Vineyard Wind in Massachusetts is going to pilot a secondary bubble curtain – here’s what that is and why it’s great for the undersea environment.

Vineyard Wind

The 800 MW Vineyard Wind 1 is a 50-50 joint venture between clean energy company Avangrid and Copenhagen Infrastructure Partners. The $3.5 billion offshore wind farm will feature 62 Haliade-X 13 MW turbines, and it will supply clean energy for over 400,000 homes and businesses in Massachusetts and reduce carbon emissions by over 1.6 million tons per year. It’s expected to come online at the end of this year.

Vineyard Wind is now working on the secondary bubble curtain pilot with Massachusetts- and Connecticut-based ThayerMahan, a firm that specializes in seabed surveys, acoustic mitigation, and monitoring.

ThayerMahan, which partners with German bubble curtain tech leader Hydrotechnik-Luebeck – will be the first US company to provide bubble curtain services to the US offshore wind industry.

Bubble curtains

It’s extremely noisy when foundation structures such as monopiles or jacket foundations are driven into the seabed using large hydraulic hammers.
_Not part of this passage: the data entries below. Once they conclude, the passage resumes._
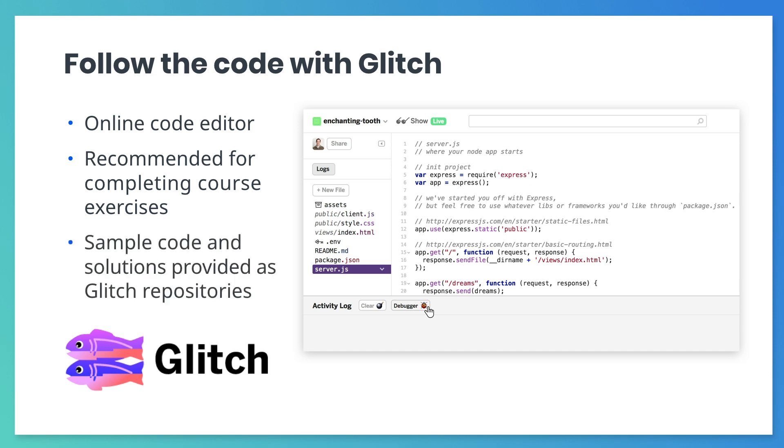We've provided you the sample code and solutions for the exercises in Glitch repositories. If you choose another editor, you may still need to access Glitch samples to copy the CSS and the server code into your local solution.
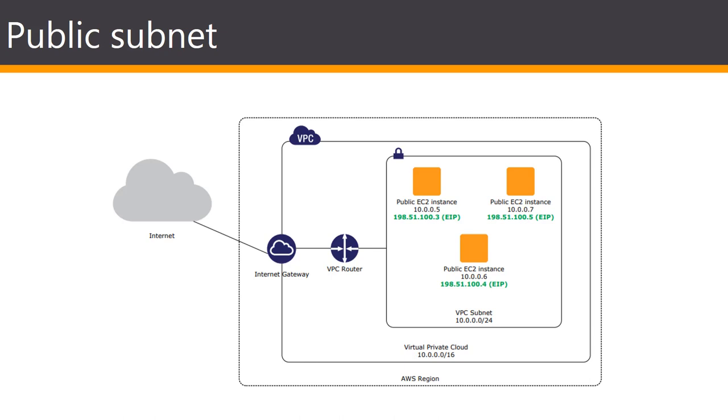You can set up your VPC subnet as a public, private or VPN only. To set up a public subnet, you have to configure its routing table so that traffic from that subnet to the internet is routed through an internet gateway associated with the VPC. By assigning an EIP address to instances in that subnet, you can make them reachable from the internet as well.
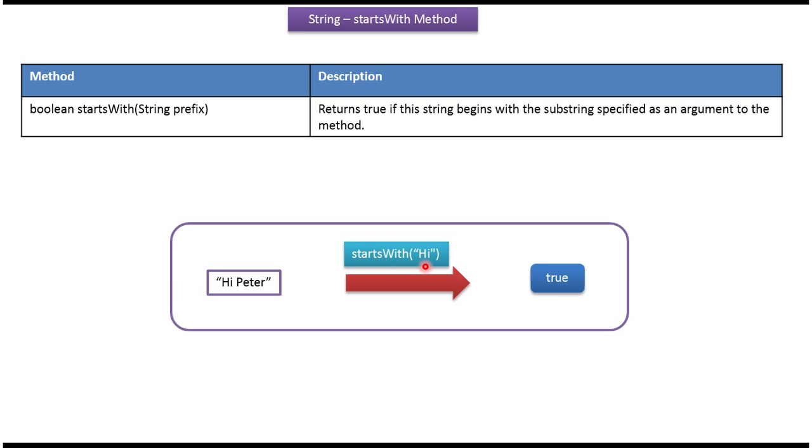In the startsWith method, I am passing the prefix 'Hi'. This method will check whether this prefix 'Hi' is present in this string or not. If it is present, then it will return true. If it is not present, then it will return false.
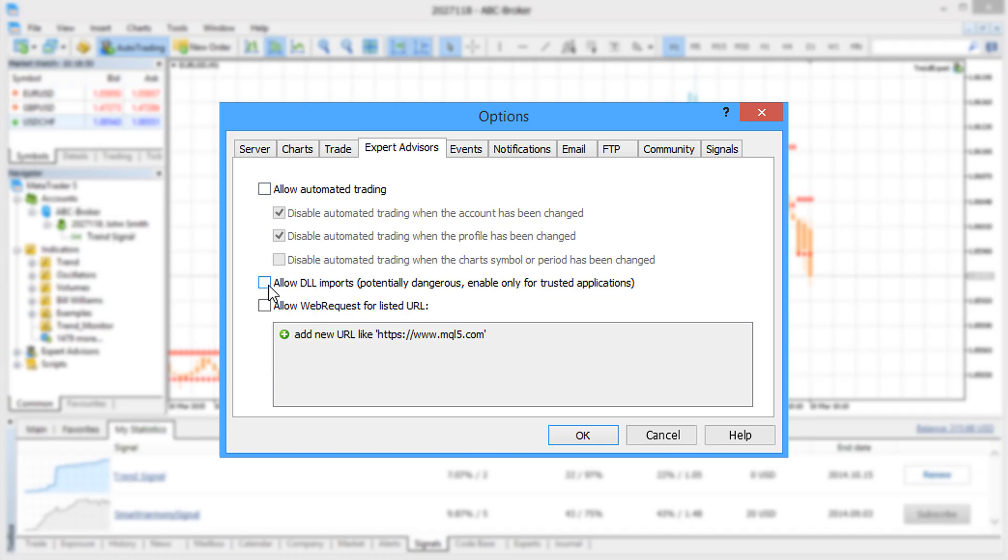Remember that the use of DLLs in robots is prohibited on the virtual machine. If any application tries to call a function from a DLL, it will be automatically closed.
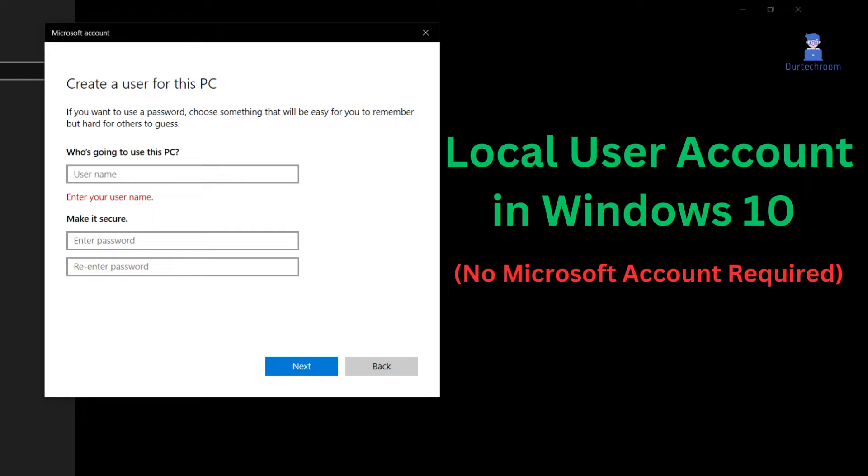In this video, I will show you how to create a local user account in Windows 10. You are not required to set up a Microsoft account. So let's look at how to do this.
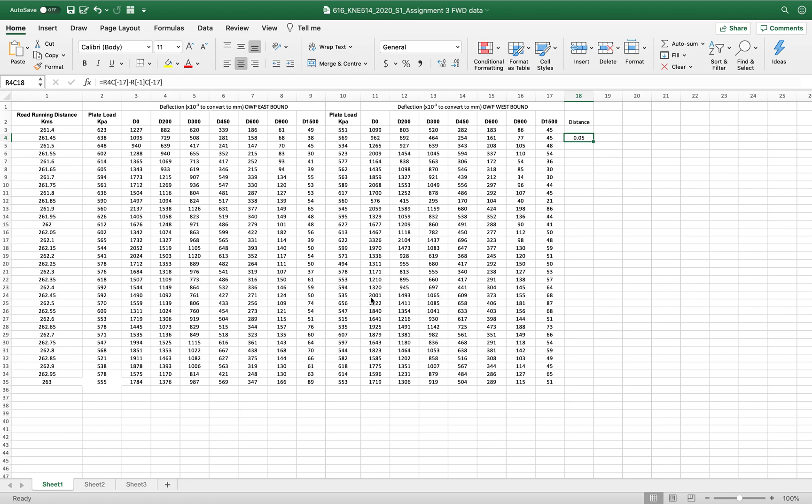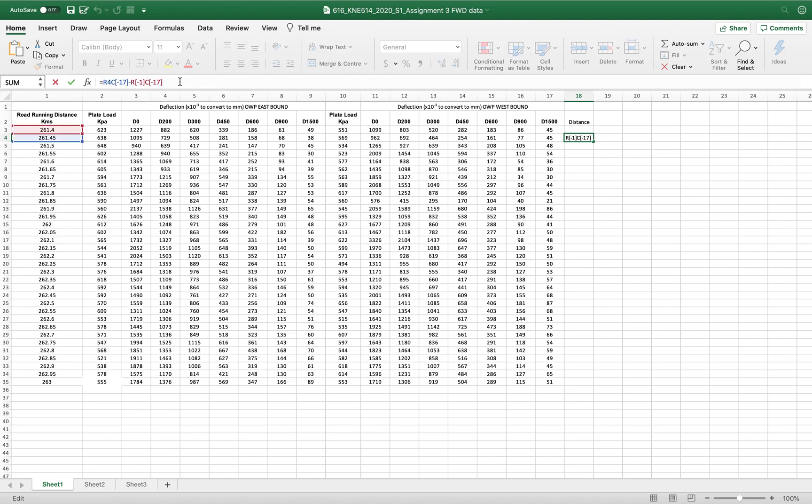Hi, a lot of the time you will see in the column tabs instead of the words you see letters, you see numbers. Sometimes it might be confusing. So basically you can see this cell which says R4C17 minus R minus 1C minus 17.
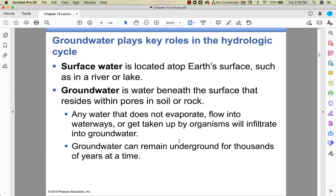Surface water is water at the surface; groundwater is water in the ground. Any water that doesn't evaporate, run off, or get taken up by organisms will eventually percolate down into the ground — that's where our wells are. They're down in bodies of rock called aquifers, and groundwater can stay there for thousands of years. The movement of groundwater underground, if humans aren't taking it up, is a really slow process.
The noise and vibrations created during that foundation work can be harmful to marine life, particularly to fish and marine mammals such as dolphins and whales.

That’s where bubble curtains come in.

A bubble curtain is underwater noise insulation that involves releasing a stream of air bubbles from a perforated hose or pipe on the seafloor.

The bubble curtain reduces the noise and vibrations that would otherwise propagate through the water. The bubbles absorb the sound energy and also create a barrier that reflects sound waves back toward the source.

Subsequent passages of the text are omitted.